Brown rice is a good source of dietary fiber, providing about 3.5 grams per cup of cooked rice. That’s roughly three times the fiber found in the same amount of white rice. The difference comes down to one thing: brown rice still has its bran and germ layers intact, while white rice has been stripped of both during processing.
Where the Fiber Actually Lives
A grain of rice has three parts: the outer bran layer, the germ (or embryo), and the starchy endosperm in the center. Nearly all of the fiber sits in the bran. Rice bran contains 24 to 34% dietary fiber by weight, which translates to roughly 1.4 to 3.3% of the whole brown rice grain. When manufacturers polish rice to make it white, they remove the bran entirely, and most of the fiber goes with it.
This is why the difference between brown and white rice is so stark nutritionally. The bran layer also carries vitamins, minerals, and protective plant compounds that white rice lacks.
Types of Fiber in Brown Rice
Brown rice contains both soluble and insoluble fiber, with the majority being insoluble. Insoluble fiber doesn’t dissolve in water. Instead, it draws water into your stool, adds bulk, and helps keep things moving through your digestive tract. This is the type most associated with regularity and reduced constipation.
The smaller soluble fraction dissolves in water and forms a gel-like substance during digestion. Soluble fiber from whole grains like brown rice plays a role in blood sugar regulation and cholesterol management. Both types work together, which is part of why whole grains consistently outperform refined grains in studies on metabolic health.

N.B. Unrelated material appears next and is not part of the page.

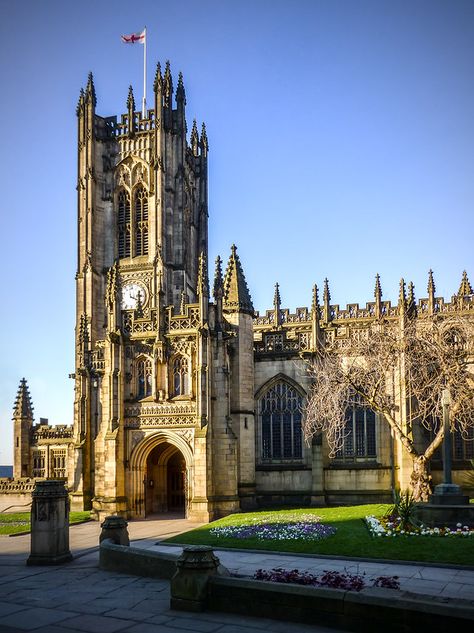 Manchester Cathedral | Matthew Hartley | Flickr Manchester Architecture, English Cathedrals, Things To Do In Manchester, Road Trip Uk, Manchester Cathedral, Manchester Piccadilly, Coventry Cathedral, Midland Hotel, Gothic Revival Architecture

How Brown Rice Fiber Affects Blood Sugar
Brown rice has a lower glycemic index than white rice, meaning it produces a slower, more gradual rise in blood sugar after a meal. The fiber content is a major reason for this. The bran layer’s fiber and natural enzyme inhibitors slow down digestion and absorption of the starch inside the grain. Your body breaks it down more gradually, avoiding the sharp spike and crash that refined grains tend to cause.
For people managing blood sugar, this makes brown rice a meaningfully better choice than white rice at the same portion size. The effect isn’t dramatic on its own, but it compounds over time and across meals.

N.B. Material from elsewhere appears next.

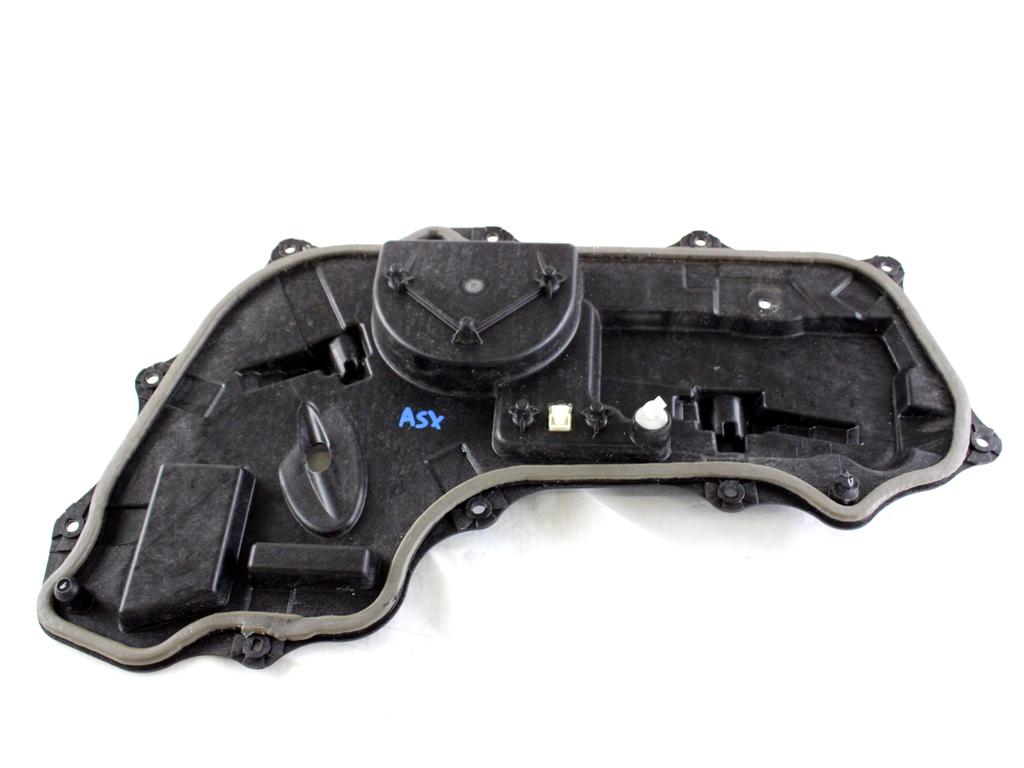 K8D2-21123-A PANNELLO SUPPORTO MECCANISMO ALZA-CRISTALLO PORTA ANTERIORE SINISTRA LAND ROVER RANGE ROVER EVOQUE L551 MHEV 2.0 I 4X4 110KW AUT 5P (2019) RICAMBIO USATO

Fiber, Gut Bacteria, and Digestion
The fiber in brown rice does more than add bulk. When it reaches your large intestine undigested, gut bacteria ferment it and produce short-chain fatty acids, particularly butyrate. These compounds fuel the cells lining your colon and play a role in regulating blood sugar and energy metabolism.
A study comparing people who ate brown rice versus white rice found that the brown rice group had higher levels of butyrate-producing bacteria and a more favorable overall balance of gut microbes. The researchers attributed this to brown rice’s higher fiber and magnesium content. Fiber-rich diets in general have been shown to improve gut bacteria composition, support the production of hormones involved in blood sugar control, and reduce markers of poor glucose regulation.
Cooling Brown Rice Adds More Fiber
Here’s something most people don’t know: cooking brown rice and then cooling it in the refrigerator increases its resistant starch content. Resistant starch behaves like fiber in your body. It resists digestion in the small intestine and gets fermented by gut bacteria, much like the insoluble fiber already present in the bran.
If you cook rice a day ahead and refrigerate it overnight, you’ll get more of this resistant starch than if you eat it freshly cooked. This works for rice you plan to reheat, too. The resistant starch doesn’t fully disappear when you warm it back up. It’s a simple way to get a bit more functional fiber from the same serving.
How It Fits Into Daily Fiber Needs
The federal Dietary Guidelines recommend 25 to 28 grams of fiber per day for adult women and 31 to 34 grams for adult men, depending on age. These numbers are based on the amount shown to reduce the risk of heart disease, calculated at 14 grams per 1,000 calories consumed.
A cup of cooked brown rice gets you about 3.5 grams toward that goal, roughly 10 to 14% of your daily target. That’s a solid contribution from a single side dish, though you’ll still need fiber from vegetables, fruits, legumes, and other whole grains to hit the full recommendation. Most Americans fall well short of these targets, so swapping white rice for brown is one of the easier upgrades available. It requires no change in how you cook or what you pair it with, just a different bag off the shelf.